Lewis Hamilton advised to follow his gut instinct again after Ferrari F1 move

Peter Windsor analyses the cause of Lewis Hamilton’s early difficulties at Ferrari.

Lewis Hamilton, Ferrari
Lewis Hamilton, Ferrari
© XPB Images

Lewis Hamilton should follow his gut instinct more often at Ferrari and stop over-analysing situations, according to former Formula 1 team manager Peter Windsor.

Seven-time F1 champion Hamilton has had a mixed start to life at Ferrari, with an emphatic victory in the sprint race at Shanghai being somewhat overshadowed by his disqualification from sixth place in the Chinese Grand Prix on Sunday.

The Ferrari SF-25 also hasn’t been as competitive as many had predicted after pre-season testing in Bahrain last month, with Hamilton’s teammate Charles Leclerc faring only marginally better than him in the Australian GP and the main race in China (where he was also disqualified for a separate reason).

F1 journalist Windsor feels Hamilton is as physically fit as he ever was in the sport, but believes the Briton needs to revert to an approach that he used until the 2021 season, when he engaged in a fierce scrap with Red Bull’s Max Verstappen for the title.

He has advised Ferrari’s new star signing to follow his gut again in order to perform to the best of his abilities in F1.

“I have no doubt at all that Lewis physically, apart from the obvious one or two things that happen when you age, is probably about where he was when he was 21-22,” Windsor, who briefly worked at Ferrari between 1989-90, said on his YouTube channel.

“But there is another thing that starts to happen when you start to age and that is you start to think more.

“The risk-reward question becomes a slightly bigger rational question in your mind because you are more experienced, your brain is more developed and you start naturally thinking about risk and reward and thinking about racing.

“By gut-instinct, I don't mean reflexes.
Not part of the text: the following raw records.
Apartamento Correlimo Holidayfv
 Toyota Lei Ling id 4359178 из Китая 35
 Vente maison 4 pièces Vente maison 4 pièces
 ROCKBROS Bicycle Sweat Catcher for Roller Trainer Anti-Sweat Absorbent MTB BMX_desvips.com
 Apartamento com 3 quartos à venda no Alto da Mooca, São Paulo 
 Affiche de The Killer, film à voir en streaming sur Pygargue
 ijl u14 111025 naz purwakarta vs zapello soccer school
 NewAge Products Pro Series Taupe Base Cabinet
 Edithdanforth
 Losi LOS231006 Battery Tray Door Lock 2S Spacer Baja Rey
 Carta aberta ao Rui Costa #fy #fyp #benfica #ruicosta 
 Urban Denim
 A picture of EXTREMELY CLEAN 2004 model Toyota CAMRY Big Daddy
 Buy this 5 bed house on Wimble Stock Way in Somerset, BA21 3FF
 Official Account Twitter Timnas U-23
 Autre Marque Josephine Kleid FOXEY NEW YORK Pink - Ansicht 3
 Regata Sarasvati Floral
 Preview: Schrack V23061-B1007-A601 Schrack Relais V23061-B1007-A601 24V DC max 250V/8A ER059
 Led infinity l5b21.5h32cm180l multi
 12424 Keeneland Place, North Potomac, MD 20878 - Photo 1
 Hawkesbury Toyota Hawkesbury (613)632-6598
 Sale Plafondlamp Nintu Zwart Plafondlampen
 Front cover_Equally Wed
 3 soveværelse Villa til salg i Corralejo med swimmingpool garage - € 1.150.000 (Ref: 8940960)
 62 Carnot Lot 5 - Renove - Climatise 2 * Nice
What I mean is the zone that Max Verstappen gets into very quickly, when he is at the absolute limit of what the car can do. When you look from the outside the car almost looks like it is on rails because he is turning in early, he is managing all the dynamic weights.

“He is doing that not by thought, he is doing that by gut instinct. He is at one with the car and feeling the surface of the road. And that comes from not thinking about it. He thinks about other things, he thinks about strategy, he thinks about tyre management, he thinks about lots of things. But he doesn't think about what I do next, where I'm losing time, he just lets his gut instinct do it.

“Lewis is one of the very rare drivers. I would say, [Ayrton] Senna, Nigel Mansell, Lewis, and Max are four drivers in my lifetime that I've seen very closely who are able to get into that gut instinct and perfectly in harmony with the car on one lap. They don't have to think about it, it happens.

“And I got to say, now aged 40, that is not happening as much with Lewis because he is thinking more about it. He is thinking about the Ferrari politics, how to handle the engineers, the right way to speak to them, what to ask for, what not to ask for, what he wants from the car, where he is quick, where he is slow.  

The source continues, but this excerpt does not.